Feeling like she was moving in slow motion, she set her coffee mug on the end table and pulled out the contents. When she had emptied it, he handed her another bag, until she had gone through everything. There were clothes and lingerie in cool jeweled tones that would complement her pale skin and black hair. There were also cosmetics in exactly the right shades, and scented toiletries, a pair of soft slippers and another pair of simple flat-heeled shoes. There were even some new-release paperbacks and magazines. A couple of the packages were gift wrapped.
She stared at him, big-eyed, the gift-wrapped packages in a pile on her lap. “You didn’t pick all this out,” she said. She didn’t say it as a question. He couldn’t have. She knew he would never leave her asleep, alone and defenseless. That would go against every protective Wyr instinct he had.
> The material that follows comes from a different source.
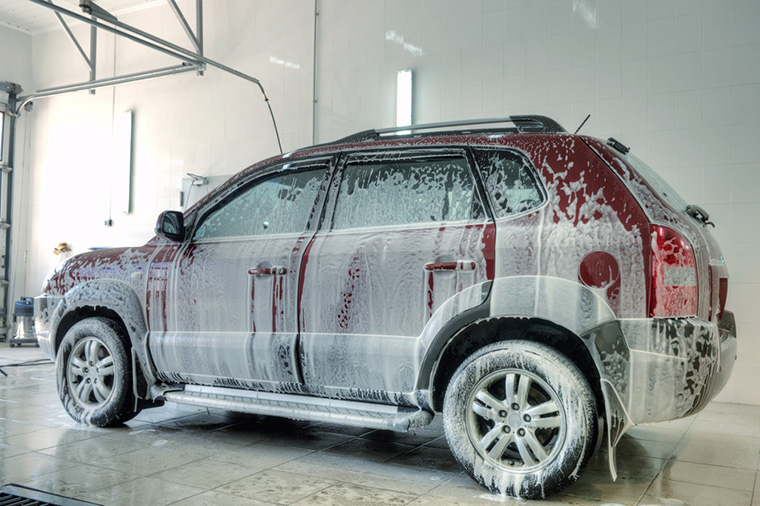 Autodetailing i korekta lakieru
“Of course not,” he told her. “If it doesn’t blow up, cut up, or shoot something, I wouldn’t know what to pick. I sent someone. We used your things in the SUV and the T-shirts as size guidelines. I like this. The color suits you.” He fingered the soft material of a sapphire blue tunic top then cocked an eyebrow at her as he nodded to the packages in her lap. “Aren’t you going to open those?”
She looked down at the three packages she held in her hands, feeling as if he had sideswiped her. She took one and picked the taped ends apart. She pulled out a box of Neiman Marcus chocolates. She set it down, picked up another package and opened it. It was a small perfume bottle of Joy. The third box contained dangly earrings. Each earring had a moon of silver and several stars in different shades of blue that dangled at varying lengths.
Her mouth worked as she stared down at the presents in her lap. Long, hard brown fingers came under her chin and tilted her face up. Tiago’s expression had turned quizzical, searching. “If you don’t like anything, faerie, it can go back,” he repeated.
“I love it, I love all of it,” she said unsteadily. She moved away from his touch on the pretext of opening the box of chocolates. She took a bite out of one. It was too rich for her overempty stomach, and she put the rest of it back in its place.
His quizzical look deepened. “Then what’s wrong?”
She held on to the candy box with both hands. “We should talk about when you’re going to leave.”
Silence. Her senses were so attuned to his presence she felt when the relaxation left him and his body grew tense.
“I’m not leaving,” he said in a calm voice.
Her knuckles whitened. “Well, we both know you have to, at some point.”
“I know nothing of the sort,” he said. He picked up his coffee and drank it. His Power flared and filled the room, turning smoky and menacing as it wrapped around her.
She tried again. “Tiago, I need to make a plan in my head so I know w-what to expect and when.”
“I am not leaving,” he said again. While he never raised his voice, his hawklike face turned into a blade. “Deal with it.”
“That isn’t helping—” she said.
He stood and stalked out of the room. She stared after him, disoriented. Then she heard someone start to knock on the suite door. Tiago opened it.
It was the hotel manager, Hughes. “I just wanted to let you know, the representative from the Elder tribunal has arrived and has taken over one of the floors between her highness and the Dark Fae delegation.” He wrung his hands.
Tiago’s gaze narrowed on the nervous movement of Hughes’s hands. “Which Councillor did the tribunal send?” he demanded.
Hughes said, “The one from San Francisco. The next floor up has been taken over by Vampyres.”